L’iconografo è stato per lo più un monaco, esperto nel dogma e nella vita di ascesi: preghiera cioè, silenzio, rinunce, digiuno anche dello sguardo, elevazione al mondo soprannaturale e all’esempio dei santi. L’icona, infatti, è un’immagine per i nostri occhi di carne ma anche e soprattutto per gli occhi della fede: l’icona vuol essere immagine dell’invisibile ed educatrice della fede. Con mezzi terreni – forma, colore, luce – l’icona deve tradurre la realtà religiosa dell’aldilà e, dato che il suo obiettivo si trova al di là del visibile, deve sempre lasciarsi regolare non in primo luogo da imperativi estetici ma dalla fede e la Rivelazione.
L’icona va oltre le facoltà dello spirito umano e si apre ad esso soltanto nella contemplazione. Al sacerdote è prescritto di verificare la conformità del titolo con il soggetto dell’icona. Se tutto è regolare, allora egli pronuncia la preghiera di benedizione che renderà l’icona un oggetto di culto degno di meritare la venerazione da parte dei devoti.
Una di tali preghiere è così articolata: «Ascolta, Signore Dio nostro, dalla tua santa dimora e dal trono della gloria del tuo regno, e manda con misericordia la tua santa benedizione su questa icona e, con l’aspersione di questa acqua santa, benedicila e santificala.

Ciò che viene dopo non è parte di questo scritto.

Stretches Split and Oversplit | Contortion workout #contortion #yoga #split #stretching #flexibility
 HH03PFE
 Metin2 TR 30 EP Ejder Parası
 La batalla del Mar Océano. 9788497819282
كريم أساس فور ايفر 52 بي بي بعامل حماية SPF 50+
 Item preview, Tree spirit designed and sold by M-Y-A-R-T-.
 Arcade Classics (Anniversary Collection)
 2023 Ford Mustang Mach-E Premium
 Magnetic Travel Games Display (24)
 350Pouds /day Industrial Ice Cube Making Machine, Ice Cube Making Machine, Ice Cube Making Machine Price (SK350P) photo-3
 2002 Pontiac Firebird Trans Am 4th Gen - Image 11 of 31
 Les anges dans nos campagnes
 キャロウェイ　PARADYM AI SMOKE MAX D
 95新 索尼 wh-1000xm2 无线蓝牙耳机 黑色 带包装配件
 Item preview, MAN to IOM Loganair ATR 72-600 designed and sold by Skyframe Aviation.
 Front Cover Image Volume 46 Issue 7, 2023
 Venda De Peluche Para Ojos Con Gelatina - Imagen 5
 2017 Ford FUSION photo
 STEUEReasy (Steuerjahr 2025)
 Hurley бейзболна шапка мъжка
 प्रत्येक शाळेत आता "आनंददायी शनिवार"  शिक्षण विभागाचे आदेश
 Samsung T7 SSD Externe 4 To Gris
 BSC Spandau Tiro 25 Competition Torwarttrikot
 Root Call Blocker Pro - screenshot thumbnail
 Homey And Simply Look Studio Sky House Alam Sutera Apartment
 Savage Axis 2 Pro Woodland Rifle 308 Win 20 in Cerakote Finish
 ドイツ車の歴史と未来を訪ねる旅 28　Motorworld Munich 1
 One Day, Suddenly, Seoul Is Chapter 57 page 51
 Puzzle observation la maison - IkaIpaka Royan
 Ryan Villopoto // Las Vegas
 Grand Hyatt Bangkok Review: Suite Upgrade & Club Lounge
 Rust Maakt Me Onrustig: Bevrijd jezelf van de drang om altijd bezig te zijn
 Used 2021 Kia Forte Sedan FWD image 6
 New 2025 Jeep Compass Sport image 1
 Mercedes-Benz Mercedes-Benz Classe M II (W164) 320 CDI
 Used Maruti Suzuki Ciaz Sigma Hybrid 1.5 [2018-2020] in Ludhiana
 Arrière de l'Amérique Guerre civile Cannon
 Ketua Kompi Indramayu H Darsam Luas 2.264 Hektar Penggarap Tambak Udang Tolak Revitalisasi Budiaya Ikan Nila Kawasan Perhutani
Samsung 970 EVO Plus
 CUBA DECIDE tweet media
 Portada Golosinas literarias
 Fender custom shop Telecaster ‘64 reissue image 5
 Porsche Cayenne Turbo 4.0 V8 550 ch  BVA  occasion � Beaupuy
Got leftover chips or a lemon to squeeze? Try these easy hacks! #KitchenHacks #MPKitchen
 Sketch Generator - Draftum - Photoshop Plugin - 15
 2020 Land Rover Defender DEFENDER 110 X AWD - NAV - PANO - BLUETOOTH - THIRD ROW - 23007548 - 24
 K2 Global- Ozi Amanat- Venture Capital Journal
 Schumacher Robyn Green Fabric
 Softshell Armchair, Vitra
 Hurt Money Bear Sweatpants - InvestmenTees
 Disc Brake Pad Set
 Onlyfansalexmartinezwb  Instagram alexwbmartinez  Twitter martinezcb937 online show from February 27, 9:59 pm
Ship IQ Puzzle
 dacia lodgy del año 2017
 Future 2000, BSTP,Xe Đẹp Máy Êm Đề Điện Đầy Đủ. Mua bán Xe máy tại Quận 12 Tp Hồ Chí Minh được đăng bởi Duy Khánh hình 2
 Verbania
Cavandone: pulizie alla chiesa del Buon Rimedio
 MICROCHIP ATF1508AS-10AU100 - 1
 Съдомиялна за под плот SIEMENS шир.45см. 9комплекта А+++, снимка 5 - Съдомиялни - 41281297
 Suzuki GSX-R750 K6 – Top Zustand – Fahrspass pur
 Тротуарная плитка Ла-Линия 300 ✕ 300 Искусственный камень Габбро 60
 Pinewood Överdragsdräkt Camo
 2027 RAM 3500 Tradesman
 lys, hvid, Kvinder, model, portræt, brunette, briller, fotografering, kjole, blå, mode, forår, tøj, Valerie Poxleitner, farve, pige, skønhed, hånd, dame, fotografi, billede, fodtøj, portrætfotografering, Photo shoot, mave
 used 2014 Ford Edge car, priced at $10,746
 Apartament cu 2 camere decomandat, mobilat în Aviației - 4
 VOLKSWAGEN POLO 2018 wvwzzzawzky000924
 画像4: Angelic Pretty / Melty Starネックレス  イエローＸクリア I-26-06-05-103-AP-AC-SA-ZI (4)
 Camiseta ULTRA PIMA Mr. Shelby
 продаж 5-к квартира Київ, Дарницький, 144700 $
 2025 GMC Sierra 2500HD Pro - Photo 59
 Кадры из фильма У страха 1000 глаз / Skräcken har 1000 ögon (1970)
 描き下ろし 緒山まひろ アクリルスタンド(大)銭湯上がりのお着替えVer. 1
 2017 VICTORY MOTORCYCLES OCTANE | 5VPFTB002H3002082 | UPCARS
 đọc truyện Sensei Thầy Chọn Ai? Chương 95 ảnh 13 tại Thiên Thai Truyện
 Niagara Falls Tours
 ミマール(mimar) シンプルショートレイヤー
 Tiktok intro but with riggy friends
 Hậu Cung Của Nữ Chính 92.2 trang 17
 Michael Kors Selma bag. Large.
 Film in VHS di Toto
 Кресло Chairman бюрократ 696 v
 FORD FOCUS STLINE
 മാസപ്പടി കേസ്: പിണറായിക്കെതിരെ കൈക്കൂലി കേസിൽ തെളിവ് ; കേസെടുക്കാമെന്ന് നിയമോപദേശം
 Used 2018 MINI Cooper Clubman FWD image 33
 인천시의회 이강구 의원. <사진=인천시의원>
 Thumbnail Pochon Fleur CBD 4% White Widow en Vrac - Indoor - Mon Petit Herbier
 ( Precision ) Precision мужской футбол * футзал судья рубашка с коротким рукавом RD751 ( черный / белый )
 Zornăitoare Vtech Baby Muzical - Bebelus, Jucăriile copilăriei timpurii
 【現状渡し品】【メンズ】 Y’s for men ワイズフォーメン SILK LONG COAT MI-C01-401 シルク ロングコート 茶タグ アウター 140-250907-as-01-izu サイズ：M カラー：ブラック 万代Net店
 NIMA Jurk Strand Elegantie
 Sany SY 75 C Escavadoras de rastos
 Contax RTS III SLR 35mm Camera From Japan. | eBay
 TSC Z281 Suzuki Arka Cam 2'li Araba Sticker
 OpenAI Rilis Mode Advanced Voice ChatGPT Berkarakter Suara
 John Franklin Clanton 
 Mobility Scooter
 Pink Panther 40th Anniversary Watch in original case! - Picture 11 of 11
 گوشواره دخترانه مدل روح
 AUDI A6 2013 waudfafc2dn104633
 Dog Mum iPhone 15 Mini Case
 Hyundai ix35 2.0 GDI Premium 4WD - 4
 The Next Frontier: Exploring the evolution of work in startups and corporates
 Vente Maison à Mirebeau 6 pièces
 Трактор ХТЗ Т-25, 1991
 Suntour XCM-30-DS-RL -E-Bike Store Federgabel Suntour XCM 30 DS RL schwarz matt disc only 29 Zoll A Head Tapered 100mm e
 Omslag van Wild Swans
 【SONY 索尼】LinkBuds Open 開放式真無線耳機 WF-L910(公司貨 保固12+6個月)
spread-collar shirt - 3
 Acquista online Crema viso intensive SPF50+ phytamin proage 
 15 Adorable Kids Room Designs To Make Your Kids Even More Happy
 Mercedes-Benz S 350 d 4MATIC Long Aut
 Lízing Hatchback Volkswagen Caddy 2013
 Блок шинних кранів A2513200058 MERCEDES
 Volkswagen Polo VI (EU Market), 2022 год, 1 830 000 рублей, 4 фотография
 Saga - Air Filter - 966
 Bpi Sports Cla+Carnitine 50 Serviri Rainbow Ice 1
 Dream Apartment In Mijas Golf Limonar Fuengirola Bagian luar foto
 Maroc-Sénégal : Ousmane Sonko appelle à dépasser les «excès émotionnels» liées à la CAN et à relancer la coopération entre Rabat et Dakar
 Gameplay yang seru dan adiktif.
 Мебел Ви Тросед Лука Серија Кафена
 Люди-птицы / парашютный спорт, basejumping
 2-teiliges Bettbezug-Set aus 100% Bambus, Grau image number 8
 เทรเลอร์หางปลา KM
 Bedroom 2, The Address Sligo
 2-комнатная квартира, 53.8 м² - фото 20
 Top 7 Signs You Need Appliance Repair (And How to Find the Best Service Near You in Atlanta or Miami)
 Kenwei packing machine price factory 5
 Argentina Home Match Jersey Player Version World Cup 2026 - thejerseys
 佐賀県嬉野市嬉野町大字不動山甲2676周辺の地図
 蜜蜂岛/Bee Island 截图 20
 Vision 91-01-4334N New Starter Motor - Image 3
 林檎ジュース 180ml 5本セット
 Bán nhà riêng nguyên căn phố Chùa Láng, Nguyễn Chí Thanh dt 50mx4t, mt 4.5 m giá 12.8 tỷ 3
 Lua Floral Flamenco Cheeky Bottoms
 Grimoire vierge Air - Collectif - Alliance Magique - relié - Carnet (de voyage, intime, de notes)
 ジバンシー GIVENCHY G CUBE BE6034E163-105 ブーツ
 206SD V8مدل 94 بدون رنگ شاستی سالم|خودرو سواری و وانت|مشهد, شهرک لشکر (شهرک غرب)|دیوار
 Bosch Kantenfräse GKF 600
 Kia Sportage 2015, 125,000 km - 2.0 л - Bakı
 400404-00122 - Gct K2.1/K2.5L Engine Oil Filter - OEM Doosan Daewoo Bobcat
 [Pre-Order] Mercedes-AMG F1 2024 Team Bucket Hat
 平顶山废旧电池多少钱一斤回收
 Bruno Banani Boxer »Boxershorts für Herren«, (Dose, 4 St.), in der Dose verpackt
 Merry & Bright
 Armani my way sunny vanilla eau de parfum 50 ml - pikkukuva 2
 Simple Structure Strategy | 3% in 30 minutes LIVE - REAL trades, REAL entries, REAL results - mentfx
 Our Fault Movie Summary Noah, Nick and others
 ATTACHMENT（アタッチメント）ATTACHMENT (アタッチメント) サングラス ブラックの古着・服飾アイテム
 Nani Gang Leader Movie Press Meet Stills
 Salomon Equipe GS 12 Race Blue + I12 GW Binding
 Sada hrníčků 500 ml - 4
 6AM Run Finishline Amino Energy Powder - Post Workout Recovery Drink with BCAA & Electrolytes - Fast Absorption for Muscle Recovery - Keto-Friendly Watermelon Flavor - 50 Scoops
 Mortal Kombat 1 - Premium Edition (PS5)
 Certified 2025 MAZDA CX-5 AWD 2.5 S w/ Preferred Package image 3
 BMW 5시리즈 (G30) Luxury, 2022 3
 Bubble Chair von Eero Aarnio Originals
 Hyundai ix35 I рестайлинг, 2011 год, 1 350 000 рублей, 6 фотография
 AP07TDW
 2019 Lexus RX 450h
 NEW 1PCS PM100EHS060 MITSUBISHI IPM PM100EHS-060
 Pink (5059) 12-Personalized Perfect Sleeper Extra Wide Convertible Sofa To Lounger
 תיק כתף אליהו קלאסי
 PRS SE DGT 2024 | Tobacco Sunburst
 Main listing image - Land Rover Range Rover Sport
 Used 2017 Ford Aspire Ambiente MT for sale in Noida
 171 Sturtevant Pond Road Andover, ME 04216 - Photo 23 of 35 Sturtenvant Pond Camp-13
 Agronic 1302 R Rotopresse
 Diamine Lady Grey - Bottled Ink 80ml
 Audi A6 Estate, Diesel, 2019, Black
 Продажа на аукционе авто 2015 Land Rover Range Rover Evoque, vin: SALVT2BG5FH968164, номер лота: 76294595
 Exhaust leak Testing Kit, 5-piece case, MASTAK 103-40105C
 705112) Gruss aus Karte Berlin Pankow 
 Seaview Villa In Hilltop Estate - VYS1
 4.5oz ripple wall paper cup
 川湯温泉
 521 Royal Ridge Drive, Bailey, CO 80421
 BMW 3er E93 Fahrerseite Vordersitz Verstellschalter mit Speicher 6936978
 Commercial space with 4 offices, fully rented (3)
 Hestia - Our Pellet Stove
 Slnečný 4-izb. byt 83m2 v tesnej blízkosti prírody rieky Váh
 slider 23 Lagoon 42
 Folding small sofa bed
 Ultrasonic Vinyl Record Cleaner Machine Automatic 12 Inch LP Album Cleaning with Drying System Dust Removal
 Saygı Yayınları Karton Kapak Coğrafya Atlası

Consentile forza di guarigione per allontanare ogni malattia, e infermità, e macchinazione diabolica, da tutti coloro che ad essa ricorreranno e davanti ad essa ti imploreranno. A te ci rivolgiamo, da te imploriamo: che la loro supplica sia sempre ascoltata e ben accolta!».
Contemplando le sacre immagini, conviene che tutto ciò sia presente alla mente, allora la curiosità intellettuale si trasformerà in una vera e propria scoperta spirituale e la ricchezza teologica di questa immagine si presenterà come una visione che si trasforma in una apertura del cuore per fare salire la preghiera verso colui che è fonte di ogni verità e bellezza. L’icona diventa luogo di comunione spirituale in una rigorosa fedeltà alla Rivelazione di Cristo.